- [How to complete this task] Under this line are the records; repeat exactly the lines starting at the one containing "Herman Miller Eames Management Chair" and ending at the one containing "8EP CHŁODNIA AGREGAT", omitting pictures.

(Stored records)
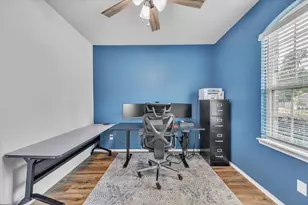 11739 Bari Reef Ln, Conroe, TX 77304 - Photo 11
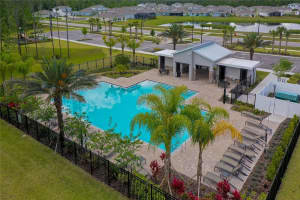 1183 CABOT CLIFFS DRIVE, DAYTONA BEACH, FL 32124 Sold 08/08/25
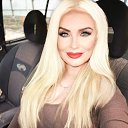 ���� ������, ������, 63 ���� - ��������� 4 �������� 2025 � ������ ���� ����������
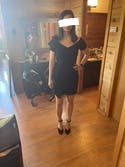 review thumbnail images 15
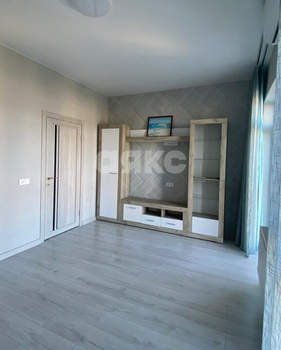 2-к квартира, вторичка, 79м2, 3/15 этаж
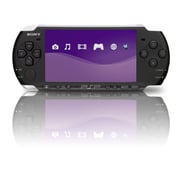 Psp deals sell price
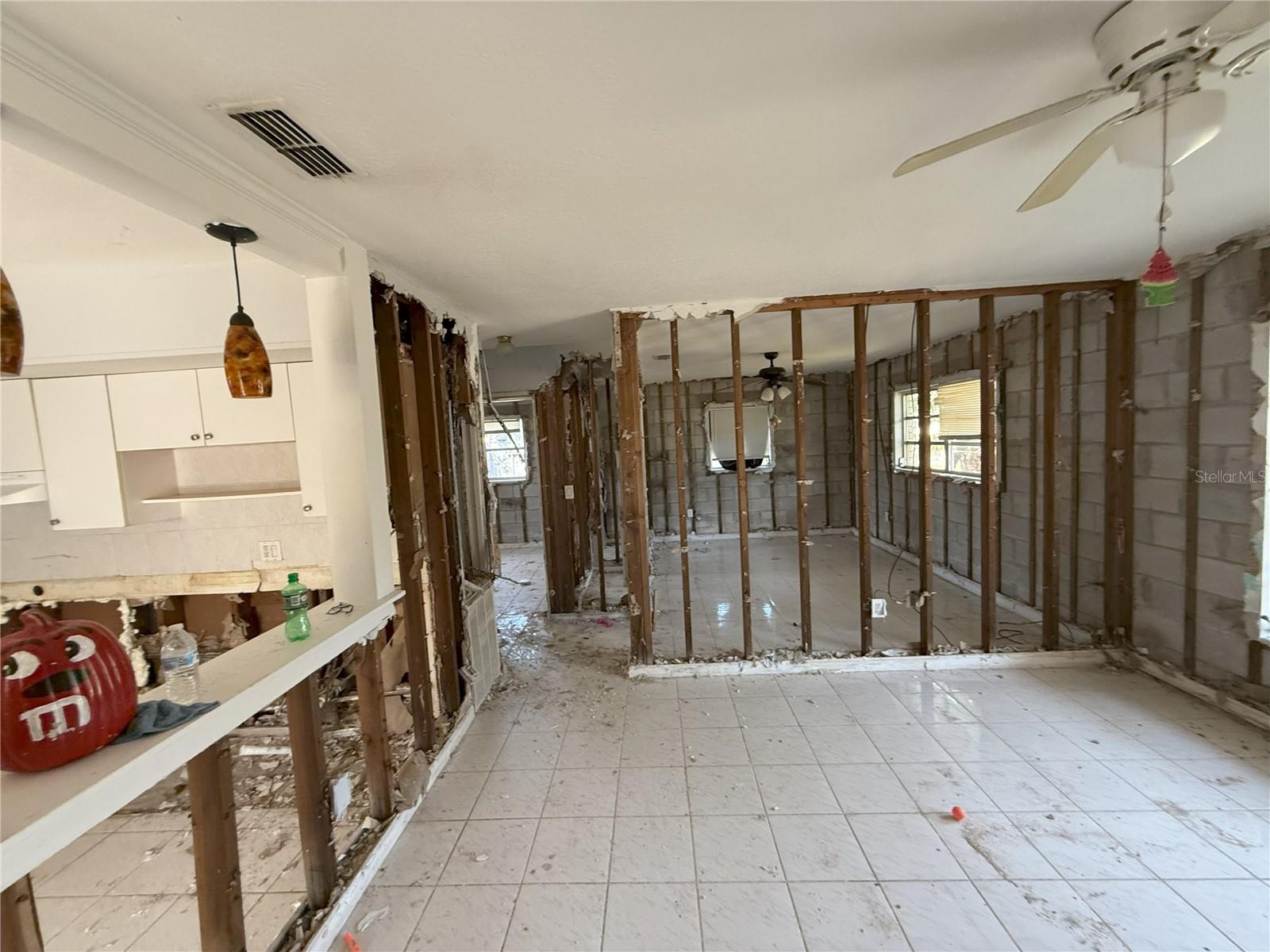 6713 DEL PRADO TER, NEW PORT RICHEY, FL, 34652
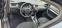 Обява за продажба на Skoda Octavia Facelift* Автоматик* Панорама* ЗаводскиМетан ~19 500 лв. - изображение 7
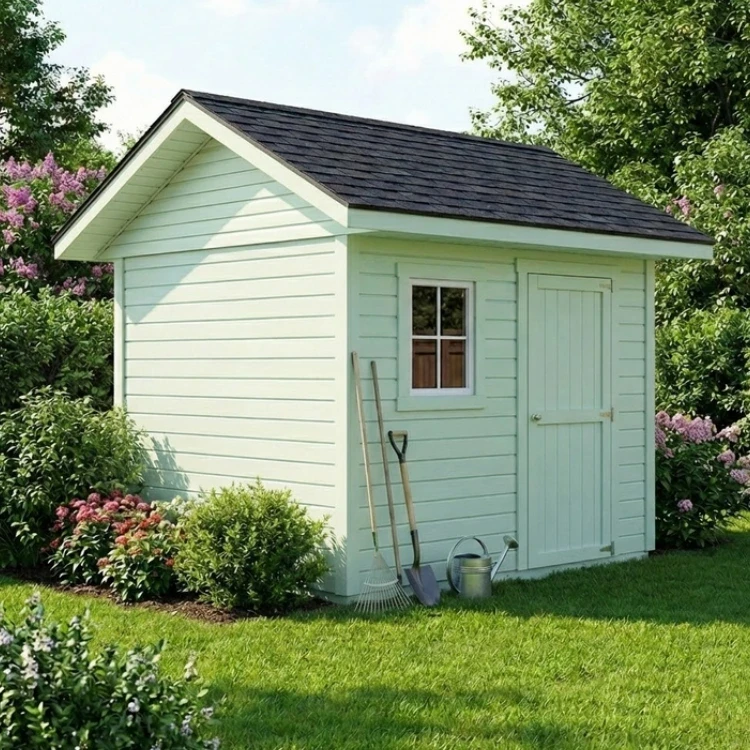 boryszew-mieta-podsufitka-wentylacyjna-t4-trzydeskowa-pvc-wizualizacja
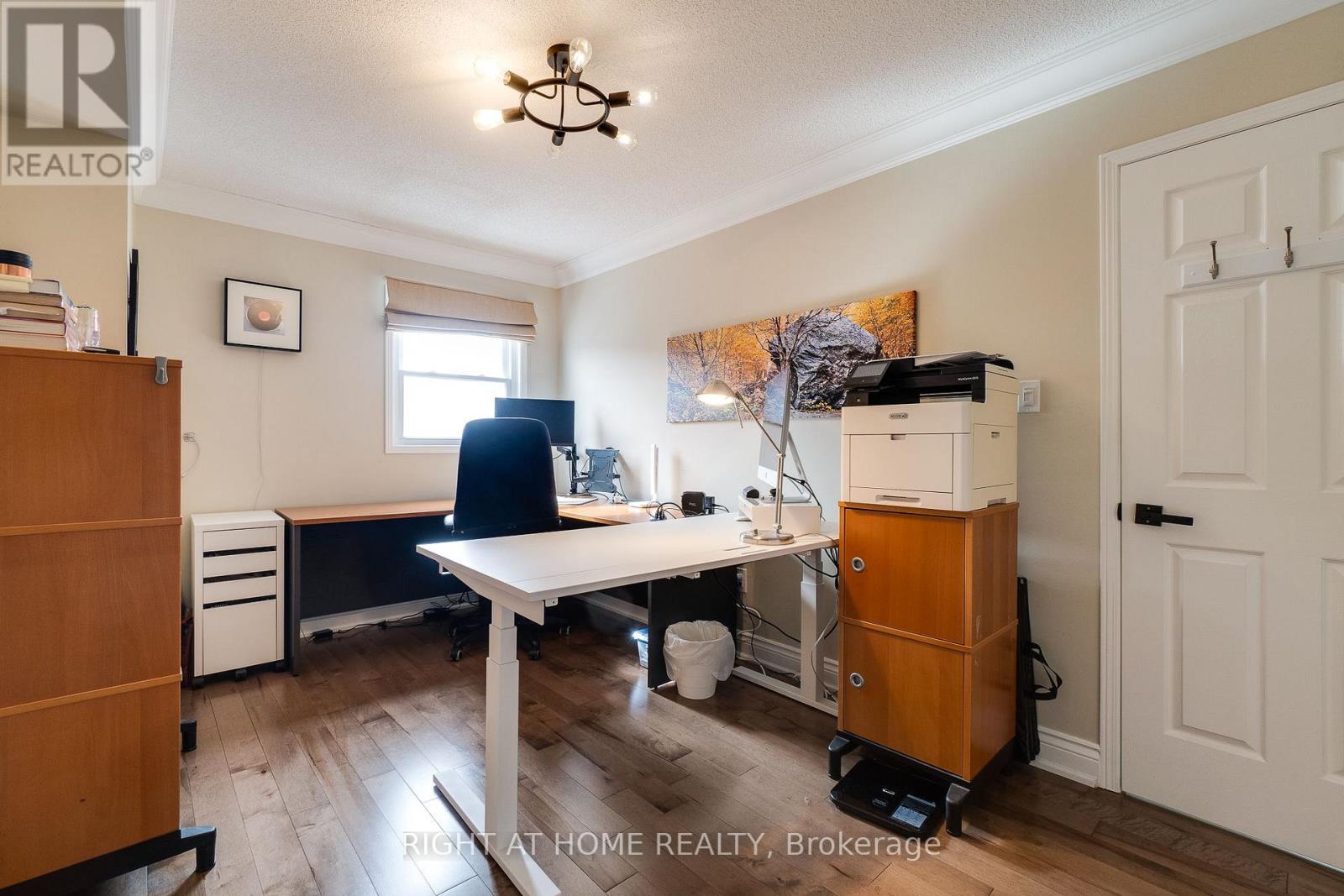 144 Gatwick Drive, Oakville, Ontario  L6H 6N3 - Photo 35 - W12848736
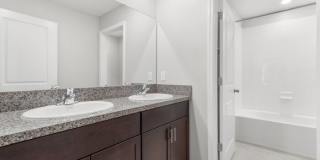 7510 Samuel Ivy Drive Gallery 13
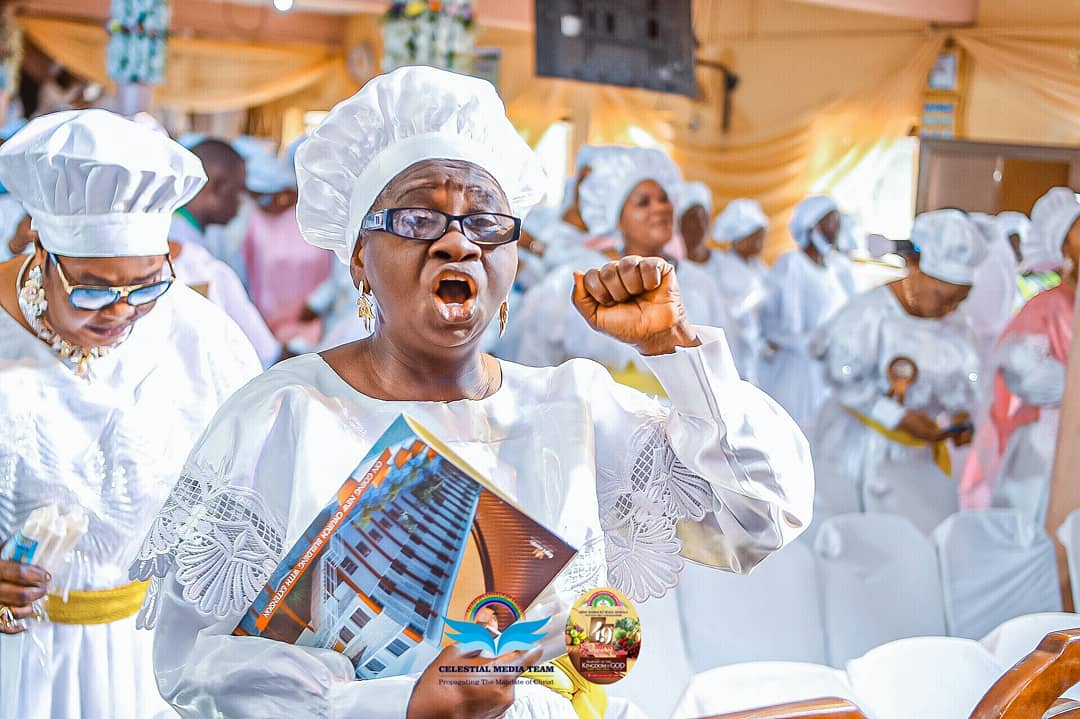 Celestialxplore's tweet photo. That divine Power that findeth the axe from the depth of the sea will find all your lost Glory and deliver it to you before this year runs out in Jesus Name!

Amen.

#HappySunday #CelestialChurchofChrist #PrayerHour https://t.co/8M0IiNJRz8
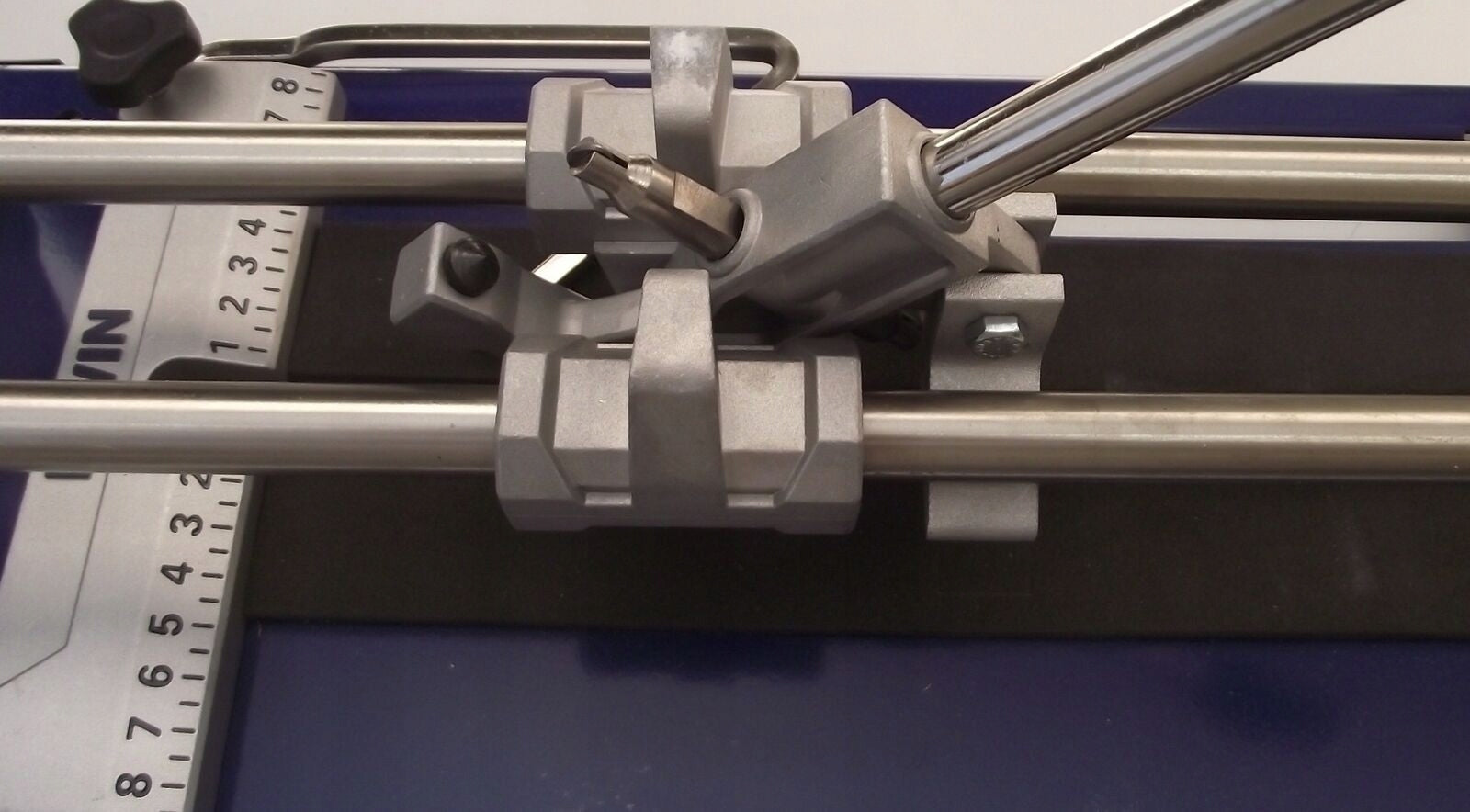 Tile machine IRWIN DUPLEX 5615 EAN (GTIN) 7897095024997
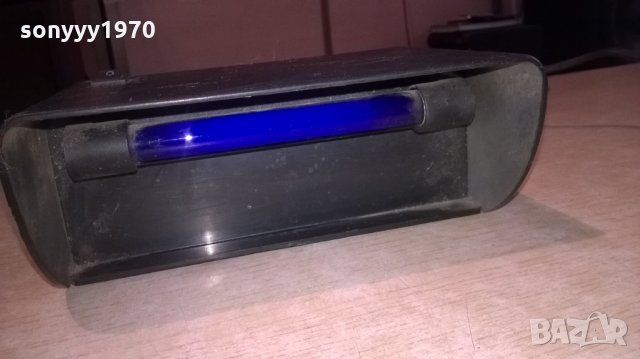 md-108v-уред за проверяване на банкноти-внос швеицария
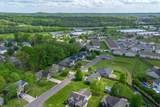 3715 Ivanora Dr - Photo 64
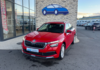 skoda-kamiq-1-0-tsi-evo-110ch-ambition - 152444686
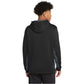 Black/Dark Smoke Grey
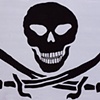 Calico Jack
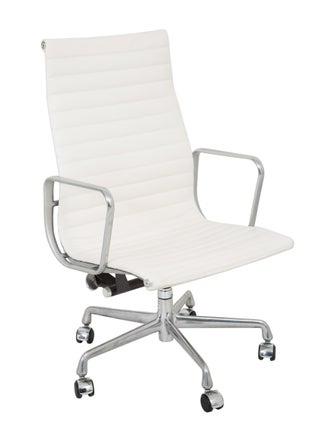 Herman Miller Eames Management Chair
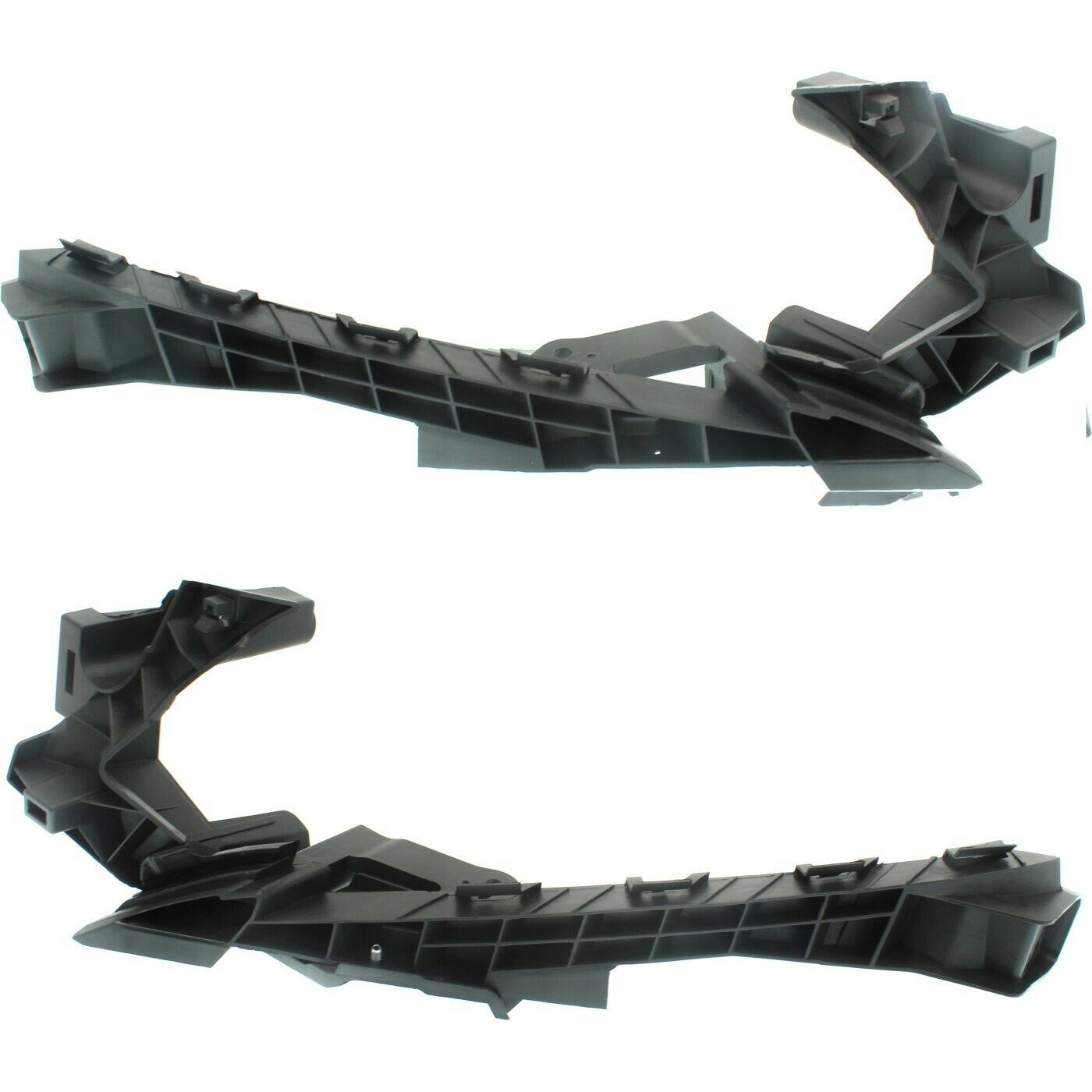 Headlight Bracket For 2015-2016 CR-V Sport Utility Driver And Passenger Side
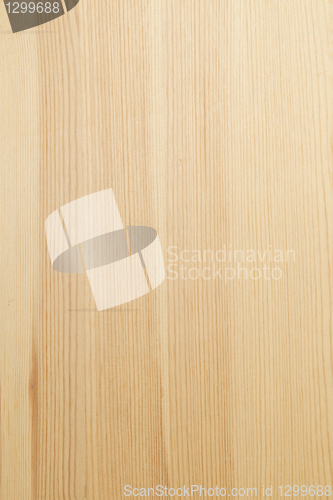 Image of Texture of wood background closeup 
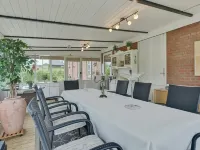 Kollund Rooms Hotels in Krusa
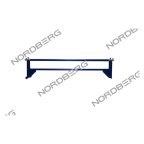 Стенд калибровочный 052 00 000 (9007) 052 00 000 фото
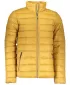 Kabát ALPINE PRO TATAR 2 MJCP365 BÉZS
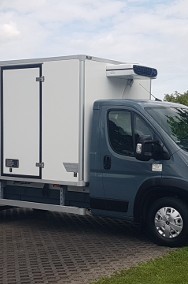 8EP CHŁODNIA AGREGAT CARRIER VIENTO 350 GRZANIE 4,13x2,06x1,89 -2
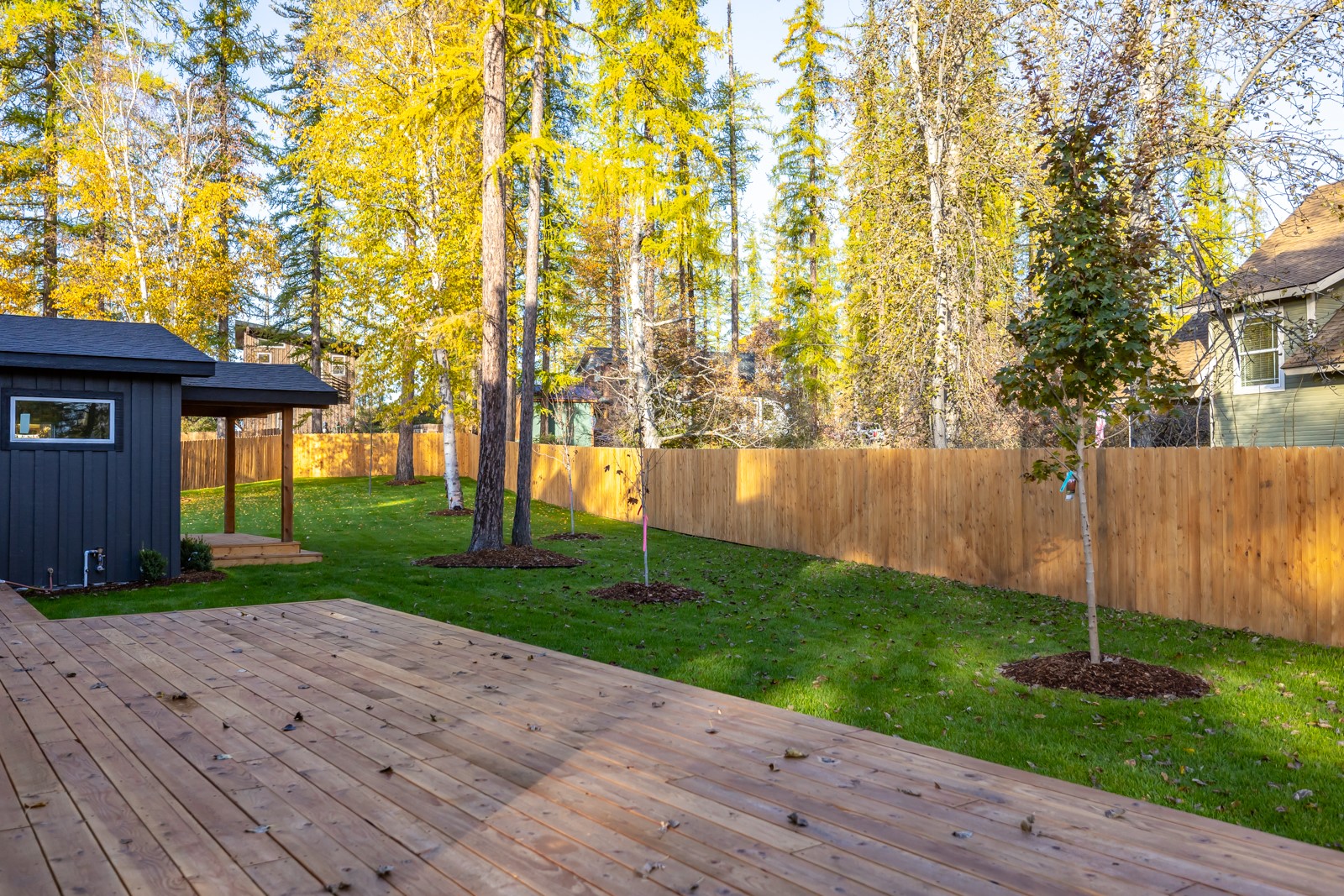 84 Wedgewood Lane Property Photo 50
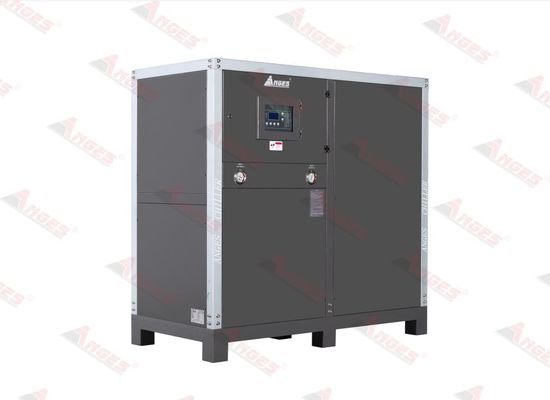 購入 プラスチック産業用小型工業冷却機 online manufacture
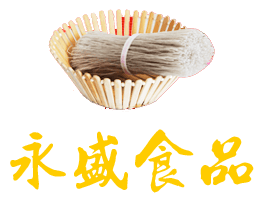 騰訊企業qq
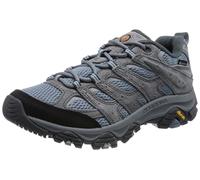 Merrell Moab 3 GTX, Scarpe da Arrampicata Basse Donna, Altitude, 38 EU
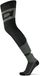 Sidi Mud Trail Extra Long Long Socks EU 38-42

- [Task output]
 Herman Miller Eames Management Chair
 Headlight Bracket For 2015-2016 CR-V Sport Utility Driver And Passenger Side
 Image of Texture of wood background closeup 
 Kollund Rooms Hotels in Krusa
 Стенд калибровочный 052 00 000 (9007) 052 00 000 фото
 Kabát ALPINE PRO TATAR 2 MJCP365 BÉZS
 8EP CHŁODNIA AGREGAT CARRIER VIENTO 350 GRZANIE 4,13x2,06x1,89 -2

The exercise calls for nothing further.